As Harold Myerson has reported (link unavailable),

By 2016, Kansas voters—including Republicans who objected to seeing their children’s educations shortchanged—revolted. As the Prospect’s Justin Miller reported at the time, Republican primary voters, joined by Democrats, ousted legislators who refused to repeal the tax cuts, and in 2017, the new legislature overrode Brownback’s veto of a bill repealing the cuts. In 2018, voters elected Democrat Laura Kelly as their new governor, and today, with adequate funding restored, Kansas has resumed its support for education, infrastructure, and the basics of civilization.

This month, CNBC came out with its annual list of America’s Top States for Business, a ranking on which states don’t move up or down very much from one year to the next. Which is why attention must be paid, as Americans for Tax Fairness has pointed out, to one massive exception to this rule.
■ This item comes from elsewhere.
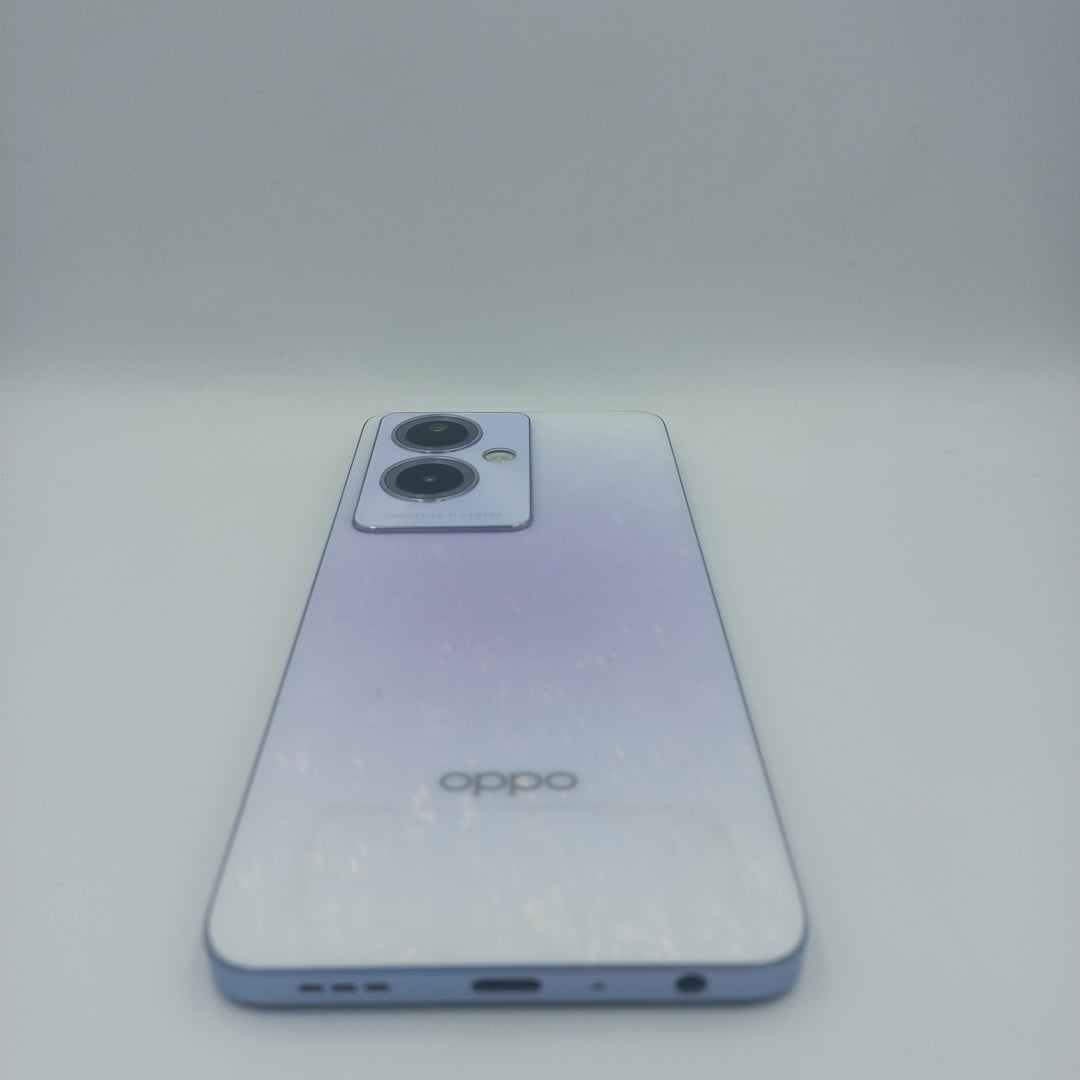 CELULAR OPPO  A79 CPH2557 (2023) 256 GB 8 GB RAM (SEMINUEVO)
On this year’s list, Kansas placed 19th—which is a full 16 places higher than it placed last year.

There’s a lesson there, but some people–and political ideologues–refuse to learn.

Trump and Mitch McConnell repeated what I’ve come to call the “Brownback Argument” to justify what Myerson dubs “the Great Federal Tax Giveaway to Corporations and the Rich Act of 2017–18.”

In consequence, share buybacks have soared to new heights while wages and infrastructure investment have barely risen, when they’ve risen at all. The federal government, of course, can run deficits, while states are constitutionally prohibited from doing so—which is why the Trumpistas have chiefly engaged in targeted rather than across-the-board cutbacks in federal spending. (The targets, of course, have been the poor and minorities.)

Brownback was politically run out of town on a rail—resigning early in 2018 to become the Trump administration’s Ambassador at Large for International Religious Freedom. (Unlike Tsarist Russia, our government lacks a position like Procurator of the Holy Synod, a sort of directorship of pogroms, though Stephen Miller at times seems to have become that position’s functional equivalent.) Is it too much to hope that American voters relegate Trump to history’s dustbin as their Kansas compatriots did to Brownback?

We can hope–for reasons including but definitely not limited to idiotic economic policies.

If there is one thing that the cult that is today’s Republican Party has repeatedly demonstrated, it’s that both religion and political ideology rely on faith rather than evidence.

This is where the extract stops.